As with last week's explosions, they led to speculation that Ukrainian forces may have staged an attack on the peninsula, which Russia has controlled since 2014.

Massive explosions and fires hit a military depot in Russia-annexed Crimea on Tuesday, forcing the evacuation of more than 3,000 people, the second time in recent days that the Ukraine war's focus has turned to the contested peninsula.

Russia blamed the blasts at an ammunition storage facility in Mayskoye on an “act of sabotage” without naming the perpetrators.

As with last week's explosions, they led to speculation that Ukrainian forces may have staged an attack on the peninsula, which Russia has controlled since 2014.

Separately, the Russian business newspaper Kommersant quoted local residents as saying that plumes of black smoke also rose over an air base in Crimea's Gvardeyskoye.

Ukraine has stopped short of publicly claiming responsibility for any of the fires or explosions, including last week's at another air base that destroyed nine Russian planes.

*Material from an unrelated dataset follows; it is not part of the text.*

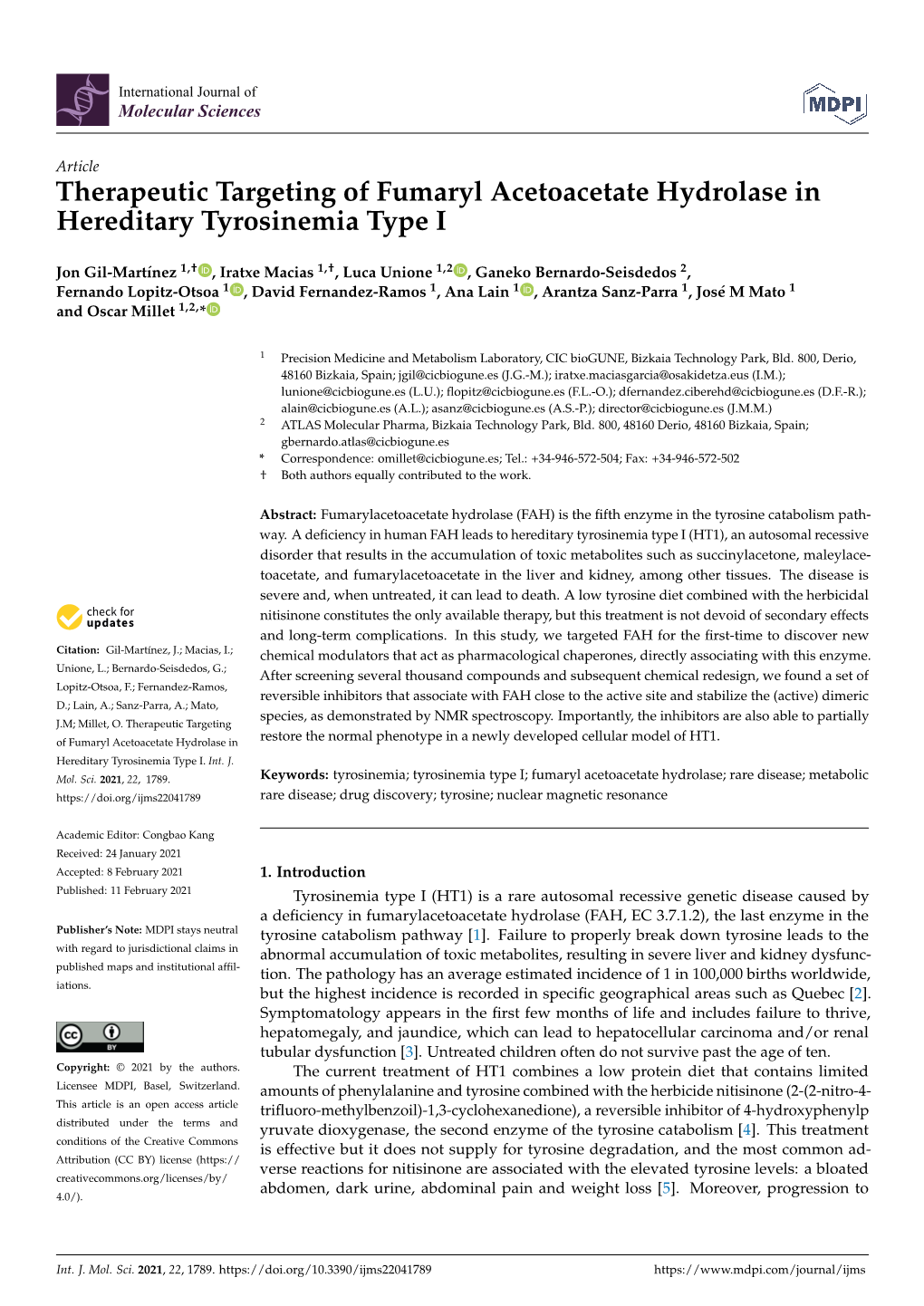Therapeutic Targeting of Fumaryl Acetoacetate Hydrolase in Hereditary Tyrosinemia Type I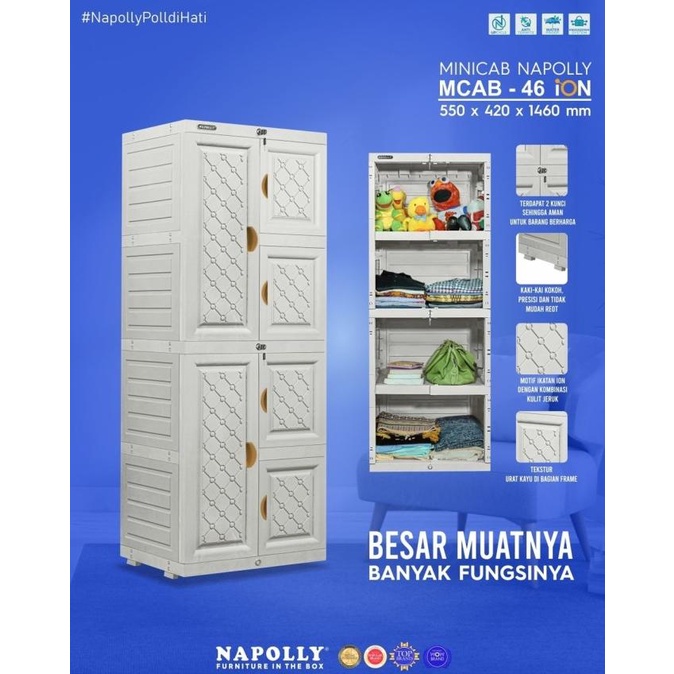 Lemari Pakaian Plastik Napolly Mini Cabinet / Mcab - Bigi Fo Original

If Ukrainian forces were, in fact, responsible for any of the explosions, they would represent a significant escalation in the war.

Videos posted on social media showed thick plumes of smoke rising over raging flames in Mayskoye, and a series of explosions could be heard in the background.

The Russian Defence Ministry said the fires at the depot caused damage to a power plant, power lines, rail tracks and some apartment buildings. It said in a statement that “there were no serious injuries”.

Earlier, Russia's state news agency RIA Novosti reported a fire a transformer substation after “a loud thump sound” in what appeared to be a result of the blasts at the depot.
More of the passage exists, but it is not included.